The virtues of Eltantawi's book are many. It provides a rare comprehensive focus on penal law in sharia and gender issues. For instance, on gender issues, while it examines patriarchal norms it also stresses important women's issues such as lesbianism, the singling out of women by Nigerian Muslim law, and women's political empowerment. To undermine the popular notions that Islam does not advocate stoning and that stoning is unique to African Muslim societies, Eltantawi points to the existence of a classical Islamic legal document embraced throughout the Muslim majority world, including in Hausaland, that advocates stoning. She argues that despite sharia's rhetorical role, it was in fact the inability of the Nigerian government, which was plagued by corruption, to ensure the fair distribution of scarce resources that was responsible for the demand for the reimplementation of sharia law in 1999 and for subsequent violence in various parts of Northern Nigeria. She also blames the colonial legacy for the demand for the reimplementation of sharia and for violence in Northern Nigeria. According to her, the Maliki school of law was introduced to the Hausa states located in the region that became Northern Nigeria well before the nineteenth century. By the nineteenth century, however, a Muslim cleric (Usman dan Fodio, who looked back to the classical period of Islam) led a jihad that resulted in the defeat of the then “nominal” Muslim Hausa states and the establishment of a caliphal state in which a functioning Islamic legal system that included punishments existed. The caliphal state established by Usman dan Fodio existed until 1903, when it was defeated by British forces. Following British conquest, the British embraced the indirect rule system of administration. Under this administrative system, the British favored the use of native law and custom but disallowed Islamic punishments it viewed as offending natural justice. Eltantawi suggests that were it not for such legal changes introduced by the British, the contemporary desire to aggressively reach back into history to cleanse and preserve the Islamic societies of Northern Nigeria would have been insignificant.

Eltantawi shows that the governor of Zamfara state, Ahmed Sani Yerima, reintroduced sharia in his state in 1999 based on popular support and that most other governors in Northern Nigeria soon emulated him. At the early stage, popular support for the reintroduction of sharia was based on the expectation that “idealized shariah,” which would help end poverty and corruption, would be implemented. However, once reintroduced, a significant proportion of Northern Nigerian Muslims realized that the actual implementation of Islamic law was politicized by government officials and that poverty would remain a serious problem. Accordingly, many disenchanted Nigerians labeled the manifestations of post-1999 sharia that did not lead to any visible improvement in their daily lives as “political shariah.”

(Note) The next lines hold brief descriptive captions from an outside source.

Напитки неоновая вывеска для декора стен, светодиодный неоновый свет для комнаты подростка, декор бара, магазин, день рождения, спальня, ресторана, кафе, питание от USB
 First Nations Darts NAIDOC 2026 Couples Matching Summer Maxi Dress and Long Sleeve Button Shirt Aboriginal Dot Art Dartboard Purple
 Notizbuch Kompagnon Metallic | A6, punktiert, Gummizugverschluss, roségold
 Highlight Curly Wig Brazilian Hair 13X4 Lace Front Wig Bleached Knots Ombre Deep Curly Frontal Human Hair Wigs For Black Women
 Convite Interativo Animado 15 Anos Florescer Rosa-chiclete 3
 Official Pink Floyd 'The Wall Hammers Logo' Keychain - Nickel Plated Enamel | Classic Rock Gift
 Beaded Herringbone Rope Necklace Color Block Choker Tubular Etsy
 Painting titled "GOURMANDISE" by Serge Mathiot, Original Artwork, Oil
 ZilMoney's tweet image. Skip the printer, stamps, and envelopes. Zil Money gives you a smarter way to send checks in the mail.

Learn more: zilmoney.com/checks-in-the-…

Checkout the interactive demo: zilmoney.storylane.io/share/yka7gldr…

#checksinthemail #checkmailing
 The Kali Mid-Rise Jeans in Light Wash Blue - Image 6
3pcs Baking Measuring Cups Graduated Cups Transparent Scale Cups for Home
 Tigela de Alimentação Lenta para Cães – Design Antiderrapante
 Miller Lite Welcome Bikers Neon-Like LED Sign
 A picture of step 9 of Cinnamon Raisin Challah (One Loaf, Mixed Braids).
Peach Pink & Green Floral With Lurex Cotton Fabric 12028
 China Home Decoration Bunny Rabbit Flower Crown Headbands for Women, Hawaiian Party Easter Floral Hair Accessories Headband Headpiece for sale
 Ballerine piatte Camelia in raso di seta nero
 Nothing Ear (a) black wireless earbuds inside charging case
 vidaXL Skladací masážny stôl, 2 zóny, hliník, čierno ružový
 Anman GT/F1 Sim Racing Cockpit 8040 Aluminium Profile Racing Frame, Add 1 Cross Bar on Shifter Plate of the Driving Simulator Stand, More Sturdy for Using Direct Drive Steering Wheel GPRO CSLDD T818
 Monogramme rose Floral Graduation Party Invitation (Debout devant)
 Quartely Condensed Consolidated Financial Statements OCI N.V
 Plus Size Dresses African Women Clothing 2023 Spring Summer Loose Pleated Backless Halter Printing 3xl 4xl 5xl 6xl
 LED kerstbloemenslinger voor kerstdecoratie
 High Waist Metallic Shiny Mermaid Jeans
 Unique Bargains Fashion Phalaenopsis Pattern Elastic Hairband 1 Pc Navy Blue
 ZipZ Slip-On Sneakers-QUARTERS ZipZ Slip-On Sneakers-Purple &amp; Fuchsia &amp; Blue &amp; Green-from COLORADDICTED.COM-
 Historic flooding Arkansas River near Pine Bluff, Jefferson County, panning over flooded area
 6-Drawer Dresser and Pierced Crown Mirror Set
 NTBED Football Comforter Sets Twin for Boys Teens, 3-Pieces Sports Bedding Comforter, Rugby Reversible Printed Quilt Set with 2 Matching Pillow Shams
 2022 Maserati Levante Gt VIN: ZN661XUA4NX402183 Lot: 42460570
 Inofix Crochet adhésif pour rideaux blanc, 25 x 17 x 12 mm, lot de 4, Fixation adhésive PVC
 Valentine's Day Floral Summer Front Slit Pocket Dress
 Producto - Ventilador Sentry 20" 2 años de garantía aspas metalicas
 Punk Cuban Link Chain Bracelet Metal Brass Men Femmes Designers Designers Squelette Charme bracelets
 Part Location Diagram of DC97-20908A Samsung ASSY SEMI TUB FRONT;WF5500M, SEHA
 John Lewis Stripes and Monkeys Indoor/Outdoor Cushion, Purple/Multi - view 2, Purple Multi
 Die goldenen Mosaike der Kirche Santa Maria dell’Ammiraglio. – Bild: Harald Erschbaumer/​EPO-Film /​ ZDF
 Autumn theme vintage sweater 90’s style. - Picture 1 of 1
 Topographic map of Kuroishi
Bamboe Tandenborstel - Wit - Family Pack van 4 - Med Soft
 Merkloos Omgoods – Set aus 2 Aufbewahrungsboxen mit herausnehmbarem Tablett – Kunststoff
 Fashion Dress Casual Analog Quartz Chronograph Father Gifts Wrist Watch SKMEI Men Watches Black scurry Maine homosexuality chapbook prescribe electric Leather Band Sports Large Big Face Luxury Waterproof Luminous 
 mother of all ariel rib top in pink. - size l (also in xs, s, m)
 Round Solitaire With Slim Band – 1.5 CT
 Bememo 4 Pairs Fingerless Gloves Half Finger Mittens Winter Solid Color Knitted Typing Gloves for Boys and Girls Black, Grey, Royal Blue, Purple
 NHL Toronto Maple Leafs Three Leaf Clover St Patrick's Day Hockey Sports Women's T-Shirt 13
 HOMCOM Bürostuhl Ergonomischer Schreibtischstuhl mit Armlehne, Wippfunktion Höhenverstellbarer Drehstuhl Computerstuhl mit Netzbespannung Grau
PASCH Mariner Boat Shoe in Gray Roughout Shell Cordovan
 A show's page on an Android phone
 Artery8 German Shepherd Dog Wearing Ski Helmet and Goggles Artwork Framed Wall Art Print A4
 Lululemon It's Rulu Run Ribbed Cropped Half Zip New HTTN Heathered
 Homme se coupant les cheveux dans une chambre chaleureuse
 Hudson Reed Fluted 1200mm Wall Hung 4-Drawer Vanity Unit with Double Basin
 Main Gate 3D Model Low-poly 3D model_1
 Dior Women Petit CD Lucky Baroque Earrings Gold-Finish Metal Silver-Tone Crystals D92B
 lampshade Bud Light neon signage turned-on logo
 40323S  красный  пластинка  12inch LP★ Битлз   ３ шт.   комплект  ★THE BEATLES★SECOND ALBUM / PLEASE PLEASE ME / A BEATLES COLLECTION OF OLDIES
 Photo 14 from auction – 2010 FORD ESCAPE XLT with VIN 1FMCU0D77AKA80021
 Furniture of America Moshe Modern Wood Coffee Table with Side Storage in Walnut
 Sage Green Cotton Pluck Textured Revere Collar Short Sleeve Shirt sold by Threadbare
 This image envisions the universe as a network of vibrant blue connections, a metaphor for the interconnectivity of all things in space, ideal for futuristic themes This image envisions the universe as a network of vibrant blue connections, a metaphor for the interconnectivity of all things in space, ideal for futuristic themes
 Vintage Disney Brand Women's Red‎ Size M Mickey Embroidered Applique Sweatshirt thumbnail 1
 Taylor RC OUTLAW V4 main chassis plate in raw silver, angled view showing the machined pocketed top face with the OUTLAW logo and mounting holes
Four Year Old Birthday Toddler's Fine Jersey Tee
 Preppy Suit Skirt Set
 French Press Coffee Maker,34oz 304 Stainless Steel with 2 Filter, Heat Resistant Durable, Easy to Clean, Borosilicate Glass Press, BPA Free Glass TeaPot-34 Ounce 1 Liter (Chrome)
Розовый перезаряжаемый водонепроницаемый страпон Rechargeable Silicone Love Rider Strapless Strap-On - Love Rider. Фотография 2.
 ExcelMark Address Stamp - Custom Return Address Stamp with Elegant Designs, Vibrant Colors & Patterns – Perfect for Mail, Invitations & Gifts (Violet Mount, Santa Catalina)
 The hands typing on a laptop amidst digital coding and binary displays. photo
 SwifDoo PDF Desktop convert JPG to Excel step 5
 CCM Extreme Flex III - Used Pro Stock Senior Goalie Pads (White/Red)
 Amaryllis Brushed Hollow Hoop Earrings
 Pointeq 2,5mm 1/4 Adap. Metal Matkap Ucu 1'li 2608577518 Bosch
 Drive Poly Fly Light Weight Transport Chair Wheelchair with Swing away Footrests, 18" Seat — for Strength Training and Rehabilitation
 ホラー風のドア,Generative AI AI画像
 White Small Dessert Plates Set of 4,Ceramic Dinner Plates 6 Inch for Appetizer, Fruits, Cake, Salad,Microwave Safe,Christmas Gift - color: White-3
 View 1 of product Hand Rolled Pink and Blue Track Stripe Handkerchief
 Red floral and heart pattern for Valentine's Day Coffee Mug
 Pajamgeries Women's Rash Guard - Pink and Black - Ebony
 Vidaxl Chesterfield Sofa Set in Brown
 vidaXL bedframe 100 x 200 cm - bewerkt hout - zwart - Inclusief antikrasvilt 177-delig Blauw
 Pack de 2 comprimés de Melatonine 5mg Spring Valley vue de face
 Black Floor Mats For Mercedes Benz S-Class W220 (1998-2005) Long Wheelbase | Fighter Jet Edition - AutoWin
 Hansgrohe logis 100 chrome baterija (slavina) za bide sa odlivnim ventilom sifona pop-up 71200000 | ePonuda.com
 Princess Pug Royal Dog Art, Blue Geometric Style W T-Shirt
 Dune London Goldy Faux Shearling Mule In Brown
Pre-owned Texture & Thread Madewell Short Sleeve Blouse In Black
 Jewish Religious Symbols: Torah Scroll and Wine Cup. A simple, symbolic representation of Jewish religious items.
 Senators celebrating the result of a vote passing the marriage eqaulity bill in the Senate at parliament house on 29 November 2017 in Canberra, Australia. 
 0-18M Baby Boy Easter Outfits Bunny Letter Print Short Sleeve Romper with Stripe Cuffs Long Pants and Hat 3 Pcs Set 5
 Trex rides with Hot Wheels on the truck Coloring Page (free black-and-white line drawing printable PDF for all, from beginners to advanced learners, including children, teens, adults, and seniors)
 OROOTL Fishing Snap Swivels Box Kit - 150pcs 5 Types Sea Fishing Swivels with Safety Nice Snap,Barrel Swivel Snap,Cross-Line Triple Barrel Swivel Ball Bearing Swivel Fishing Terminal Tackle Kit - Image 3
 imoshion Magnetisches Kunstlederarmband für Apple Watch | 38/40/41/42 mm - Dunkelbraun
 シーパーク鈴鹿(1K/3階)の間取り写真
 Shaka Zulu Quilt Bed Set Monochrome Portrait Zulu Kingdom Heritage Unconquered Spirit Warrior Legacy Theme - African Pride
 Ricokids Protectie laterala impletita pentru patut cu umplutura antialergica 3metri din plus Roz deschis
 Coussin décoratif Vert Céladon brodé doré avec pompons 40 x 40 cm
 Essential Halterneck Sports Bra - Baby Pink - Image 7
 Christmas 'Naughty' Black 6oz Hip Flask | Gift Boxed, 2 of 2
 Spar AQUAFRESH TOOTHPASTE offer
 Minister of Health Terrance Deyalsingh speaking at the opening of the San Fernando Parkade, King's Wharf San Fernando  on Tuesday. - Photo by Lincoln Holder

The first time sharia was put on trial in Nigeria and internationally was during the trial of Amina Lawal for committing the crime of zina (unlawful sexual intercourse). Eltantawi stresses the influence of the Nigerian constitution and of British colonial magistrate law in Lawal's trial. She also stresses that “the trial displayed the razor-focused ideals of the sunnaic paradigm by referring to primary texts like the Quran and hadith far more than it referred to Maliki jurisprudence” (Eltantawi, 201). In effect, Eltantawi makes a point of stressing that in the context of becoming postmodern in nature, the sharia or the judicial system turned away from the reductionist versions of the Maliki school of law and became Islamist and fundamentalist.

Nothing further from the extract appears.